Exercise brief
Using the listing below, copy exactly the lines from the one containing "Three Men's Cargo/Chino" to the one containing "Three elderly individuals, two", both lines included, and no others.

Given data
· · · · ·

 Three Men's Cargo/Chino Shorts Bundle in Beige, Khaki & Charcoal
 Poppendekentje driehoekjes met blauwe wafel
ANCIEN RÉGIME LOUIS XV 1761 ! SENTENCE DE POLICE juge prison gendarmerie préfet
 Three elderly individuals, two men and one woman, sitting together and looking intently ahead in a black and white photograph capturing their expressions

· · · · ·

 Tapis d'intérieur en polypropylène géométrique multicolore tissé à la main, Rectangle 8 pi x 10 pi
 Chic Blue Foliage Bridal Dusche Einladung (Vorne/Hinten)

· · · · ·

Task result
 Three Men's Cargo/Chino Shorts Bundle in Beige, Khaki & Charcoal
 Poppendekentje driehoekjes met blauwe wafel
ANCIEN RÉGIME LOUIS XV 1761 ! SENTENCE DE POLICE juge prison gendarmerie préfet
 Three elderly individuals, two men and one woman, sitting together and looking intently ahead in a black and white photograph capturing their expressions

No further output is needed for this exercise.